Abstract: We study Markov decision problems where the agent does not know the transition probability function mapping current states and actions to future states. The agent has a prior belief over a set of possible transition functions and updates beliefs using Bayes' rule. We allow her to be misspecified in the sense that the true transition probability function is not in the support of her prior. This problem is relevant in many economic settings but is usually not amenable to analysis by the researcher. We make the problem tractable by studying asymptotic behavior. We propose an equilibrium notion and provide conditions under which it characterizes steady state behavior. In the special case where the problem is static, equilibrium coincides with the single-agent version of Berk-Nash equilibrium (Esponda and Pouzo (2016)). We also discuss subtle issues that arise exclusively in dynamic settings due to the possibility of a negative value of experimentation.
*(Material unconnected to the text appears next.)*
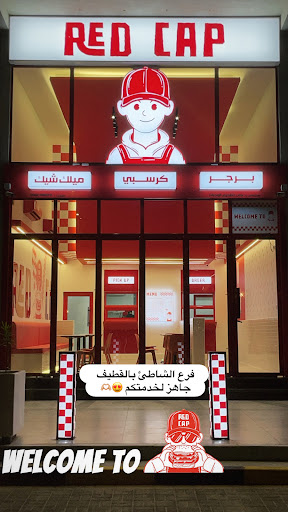 رد كاب برجر ( القطيف ) برجر - كرسبي - ميلك شيك
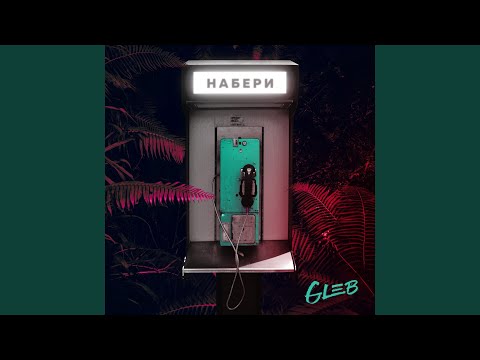 Gleb - Набери видео (клип)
“Optimal Taxation with Endogenous Default under Incomplete Markets”,
with Ignacio Presno (Revision requested at AEJ: Macro). Updated: May 7th, 2016. { pdf }

Abstract: In a dynamic economy, we characterize the fiscal policy of the government when it levies distortionary taxes and issues defaultable bonds to finance its stochastic expenditure. Default may occur in equilibrium as it prevents the government from incurring in future tax distortions that would come along with the service of the debt. Households anticipate the possibility of default generating endogenous credit limits. These limits hinder the government's ability to smooth taxes using debt, implying more volatile and less serially correlated fiscal policies, higher borrowing costs and lower levels of indebtedness. In order to exit temporary financial autarky following a default event, the government has to repay a random fraction of the defaulted debt. We show that the optimal fiscal and renegotiation policies have implications aligned with the data.



Non-Active Working Papers:

“Learning foundation and equilibrium selection in voting environments with private information”,
with Ignacio Esponda. Updated: January 25, 2012. { pdf } This paper is obsolete, mostly incorporated in the papers "Conditional Retrospective Voting in Large Elections" and "Retrospective Voting and Party Polarization"

Abstract: We use a dynamic learning model to investigate different behavioral assumptions in voting environments with private information. We show that a simple rule, where players learn based on the outcomes of past elections in which they were pivotal but requires no prior knowledge of the payoff structure or of the rules followed by other players, provides a foundation for Nash equilibrium. In contrast, a rule where voters learn from all past elections provides a foundation for a new notion of naive voting where players vote sincerely but have endogenously-determined beliefs. Finally, we use the model to select among multiple equilibria in the jury model. We find that the well-known result that elections aggregate information under Nash equilibrium relies on the selection of symmetric equilibria which are unstable. Nevertheless, we show that there exist (possibly asymmetric) Nash equilibria that are asymptotically stable and aggregate information.